Overturning Roe Sends Approval Of U.S. Supreme Court Plummeting, Marquette Poll Finds

Erik Gunn, Ohio Capital Journal

On the heels of the U.S. Supreme Court decision in June that overturned a national right to abortion, public approval of the Court has fallen dramatically and stayed there, a new national poll from Marquette Law School finds.

In the new survey, 40% of respondents said they approved of how the Court was doing its job while 60% said they disapproved.

The survey also found that 61% of those surveyed opposed the June 24 high court ruling that overturned Roe v. Wade, the 1973 ruling legalizing abortion in all 50 states.

The new survey is the 10th national Marquette Law School Poll focusing on the U.S. Supreme Court. The new survey polled 1,448 adults and was conducted online Sept. 7-14. It has a margin of error of 3.4 percentage points.

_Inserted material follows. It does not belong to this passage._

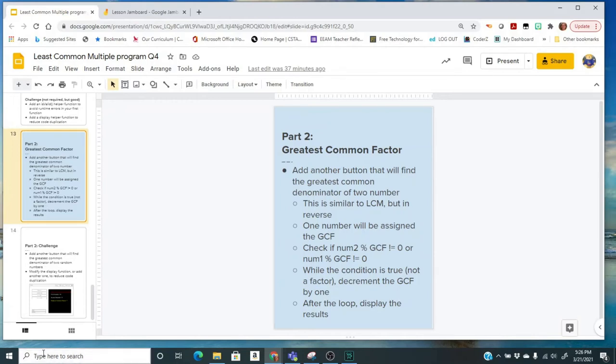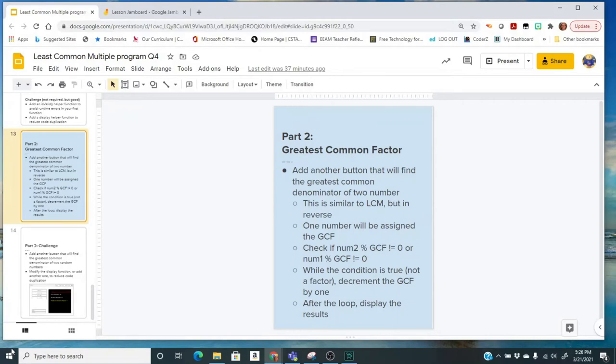Now, part two of this program is to find the greatest common factor. It's very similar to finding the least common multiple, and if you're going to have a loop that's going to increment through, you're going to be using modular division. But instead of going up, our multiples went up, our factor, we're going to kind of go down.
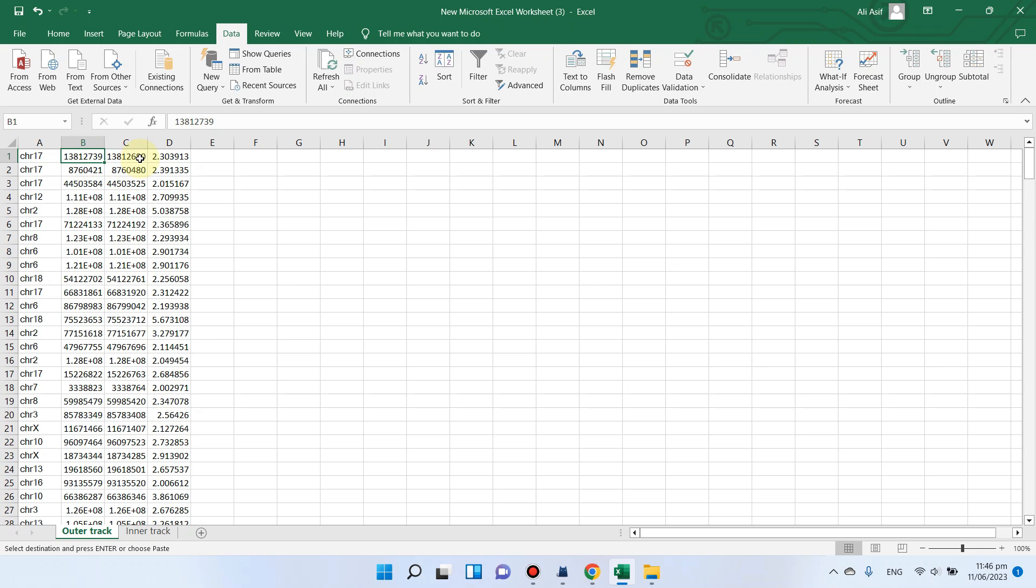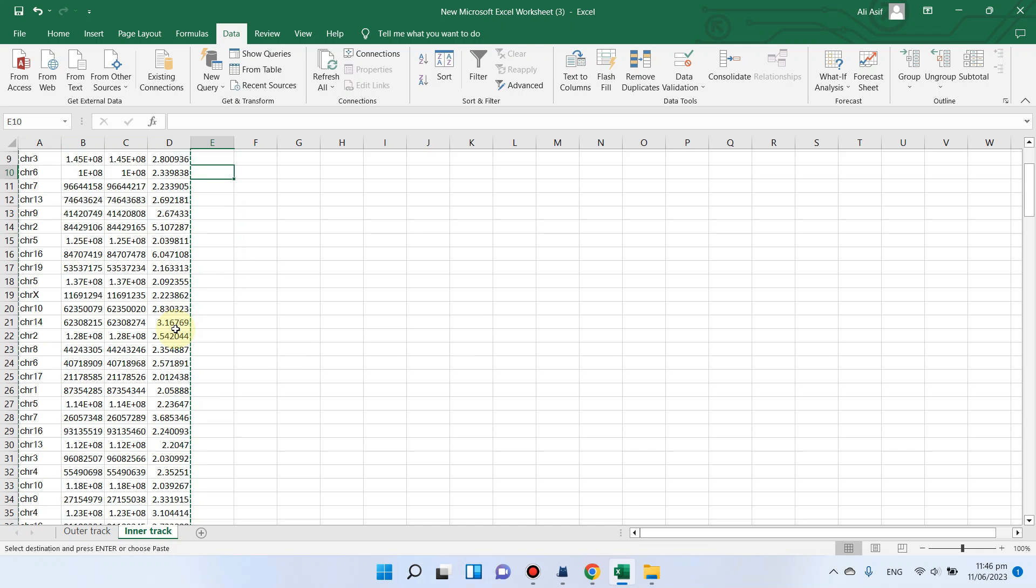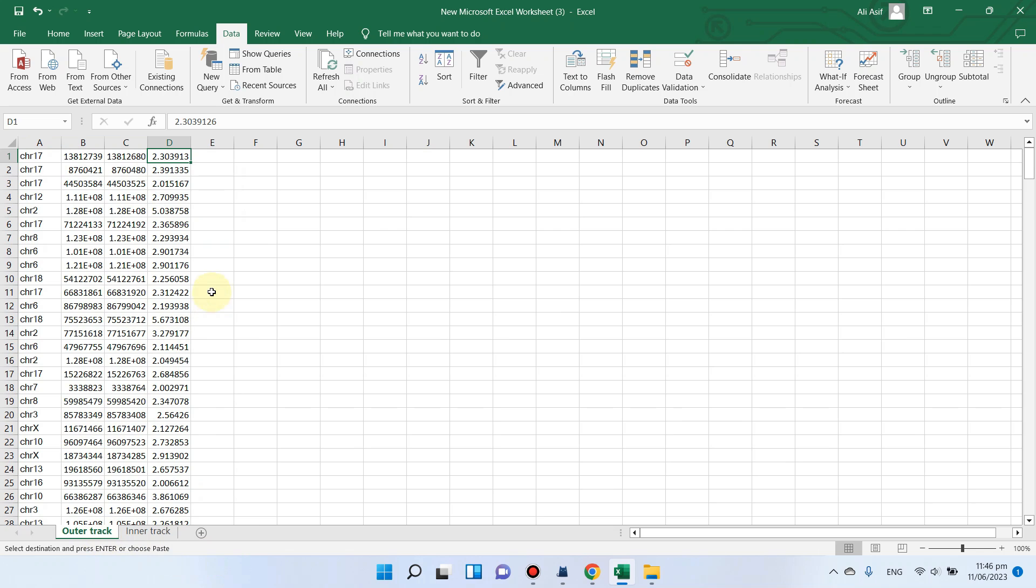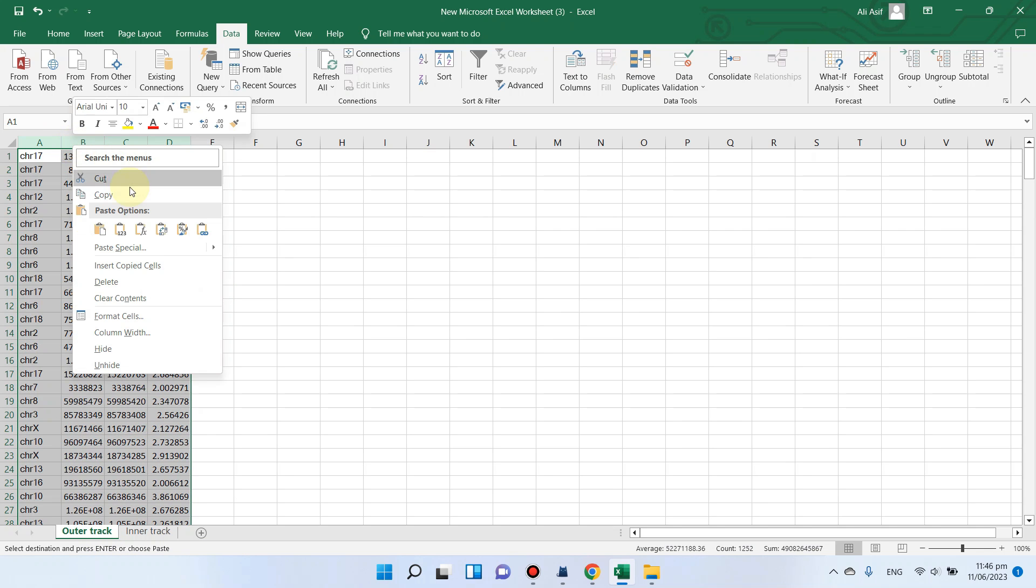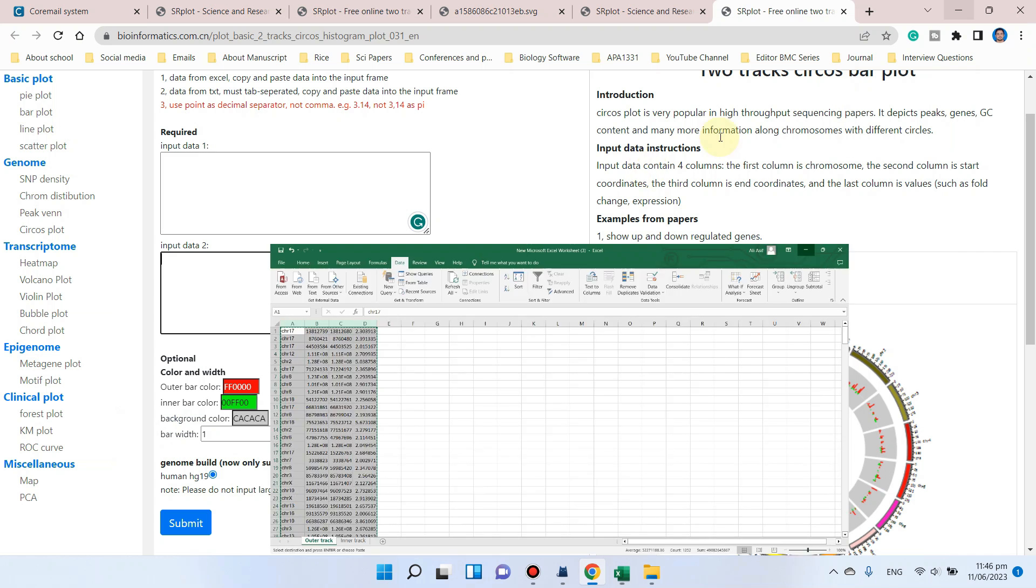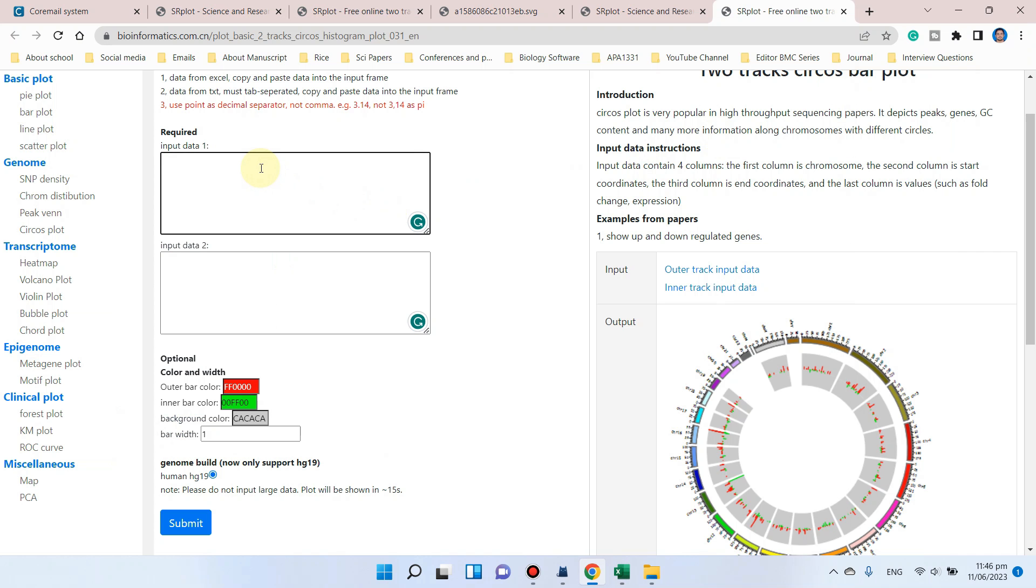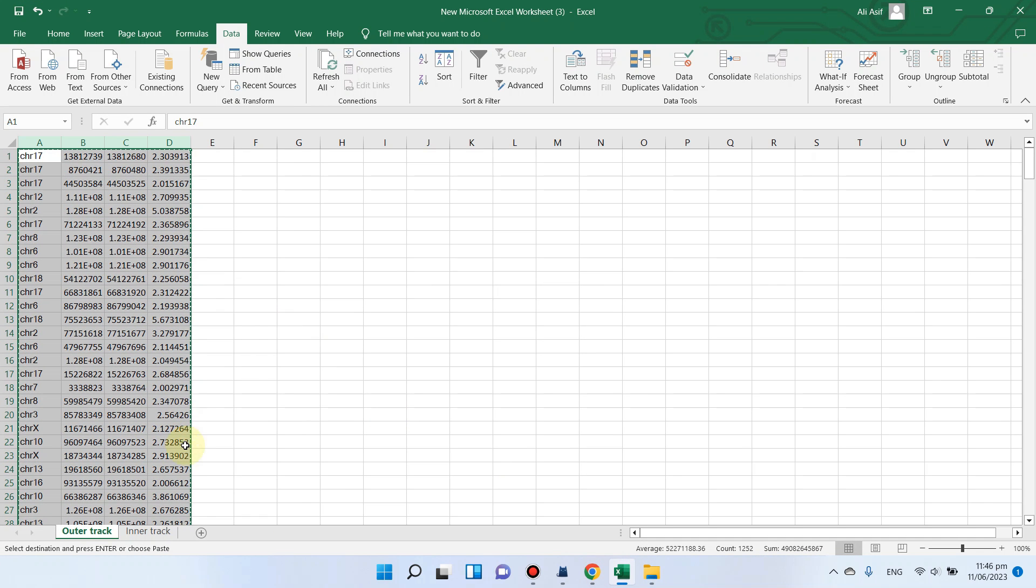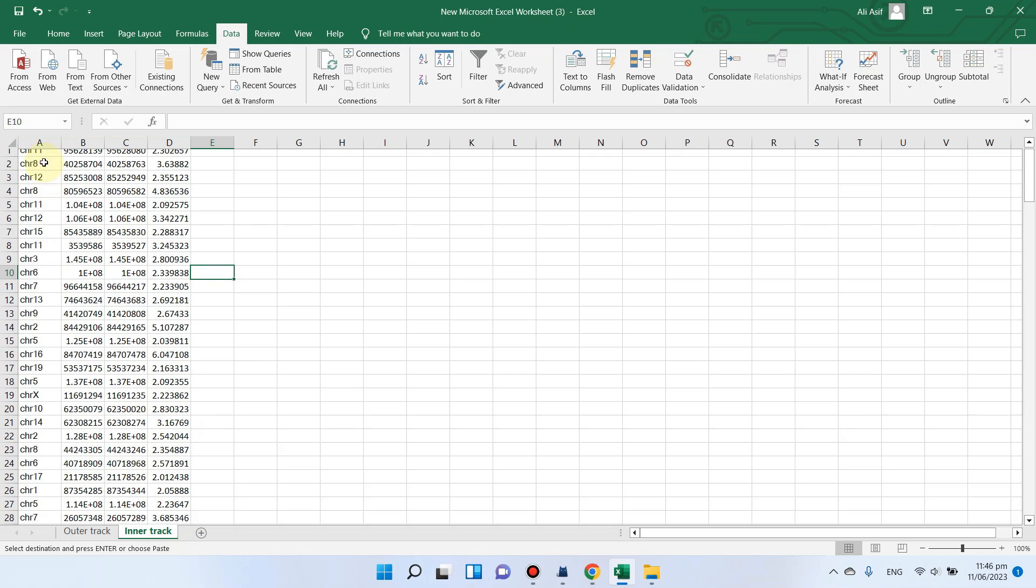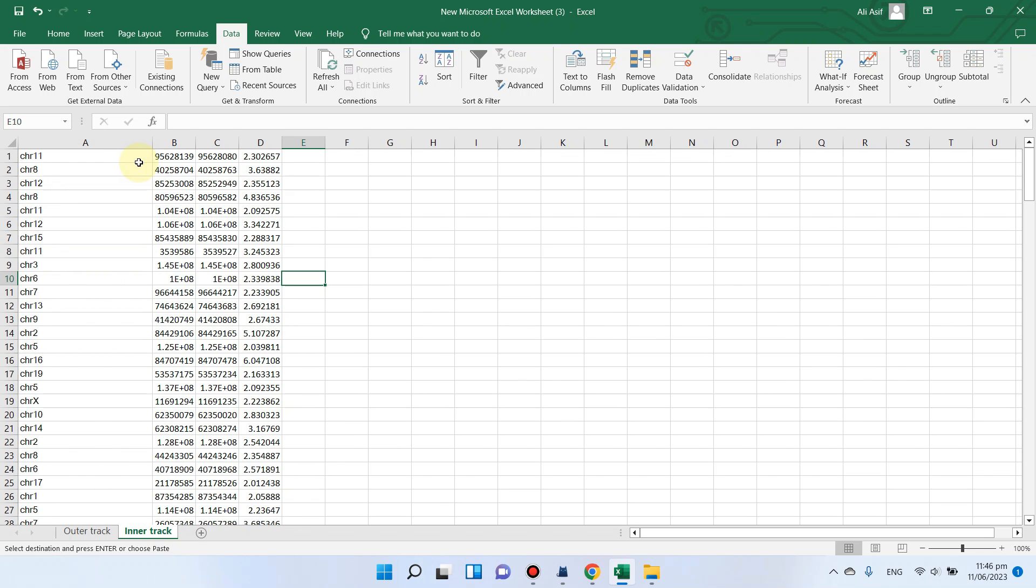Starting position, ending position, and fold change for outer track and inner track. Now if you want to draw a relationship between these two, you can simply go here and copy this data and paste the outer track into the first box, and similarly, the inner track information into the second box.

Approval of the Court has been falling in the last two years, and has now almost completely flipped. In a September 2020 poll, 66% of those surveyed said they approved of the Court, while 33% disapproved. The last survey to register a net positive approval took place in March 2022, when 54% said they approved of how the Court was handling its job and 45% disapproved.

The Court’s approval went under water just after a draft was leaked in May of the pending abortion ruling in the Mississippi case, Dobbs v. Jackson Women’s Health Organization. In the Marquette poll’s May 9-19 survey, 44% of respondents said they approved of the Court’s work and 55% said they disapproved.

With the July 5-12 survey, the first after the decision itself, the gap grew wider: 38% said they approved of the Court and 61% disapproved. Those numbers changed only slightly with the new survey, Franklin said.

In addition to losing public approval, the Court has also lost public confidence, according to the Marquette poll. In the new survey, 30% said they had “a great deal” or “quite a lot” of confidence in the Court, while 36% said they had “very little” confidence or “none at all.”

In September 2019, when the first Marquette national survey on the Court was conducted, 37% said they were confident and 20% not confident in the Court, Franklin said. In the new survey, confidence fell by 7 points, but “not confident” increased by 16 points, he observed.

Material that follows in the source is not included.